Born in 1972 and raised in and around Boston, Marc (his Hebrew name is Mordechai) grew up in a reformed Jewish household with four brothers and a father, who was often referred to as a “Jewban,” having been born and raised as an orthodox Jew in Havana, Cuba, and a mother whose maiden name is Solomon, who was born and raised as a secular Jew in Roxbury, Massachusetts.

Marc is a Kohen from his father’s side of the family – a direct male descendant of the Biblical Aaron, brother of Moses from the priestly family of the Tribe of Levi. The paintings in his exhibition are aimed at expressing the most effective imagery from both the secular and Haredi worlds, in one sense memorializing humor after the Holocaust, serving as a tribute to Jewish comedians throughout history as well as, according to Marc, a resounding fuck you to Hitler.

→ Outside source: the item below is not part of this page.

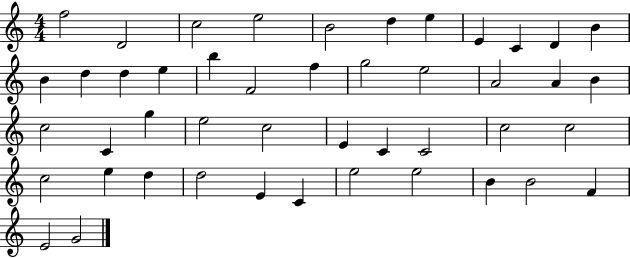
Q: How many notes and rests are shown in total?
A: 46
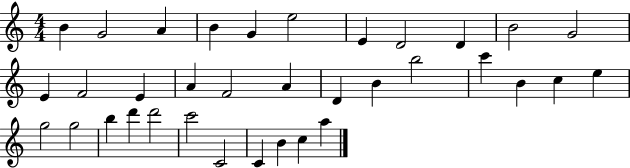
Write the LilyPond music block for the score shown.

Marc’s research and scholarly activity on the Holocaust is personal due to genealogical research that lists 24 members of the Klein family, his grandmother’s cousins from his mother’s side were murdered at Auschwitz-Birkenau in 1944 as part of the Hungarian deportations; and several other cousins froze to death in the forests of eastern Poland while serving as Partisan Fighters. Marc’s art is layered with emotions, information, humor, and his exuberant personality. How he got to where he is as an artist is a long story – one that involves love, loss, a juvenile criminal background, and many challenges – all that are often explored in his paintings. One of those challenges throughout his life has been to question and at the same time strengthen his Judaism.

His works have been exhibited in galleries and museums around the world including New York, London, Los Angeles, Palm Beach, Seoul, Hong Kong, Chicago, Dallas, Miami, London, Vienna, and Houston, among others. 

His works are in the permanent collections of The Norton Museum of Art, West Palm Beach, FL; The JP Morgan Chase Art Collection, New York, NY; UBS Corporate Collection, Geneva, Switzerland; The Neuberger Berman Collection, New York, NY; The Blanton Museum of Art, at the University of Texas at Austin, Austin, TX; The Springfield Museum of Art, Springfield, Ohio; The MIN Art Museum, Guadalajara, Mexico; and The Memorial Art Gallery at the University of Rochester, Rochester, NY.

His work is primarily represented by Gavlak Gallery, Palm Beach; K Contemporary, Denver; and Cris Worley Fine Arts, Dallas. Marc received his BFA from Tyler School of Art, Temple University and MFA from the University of Texas at Austin.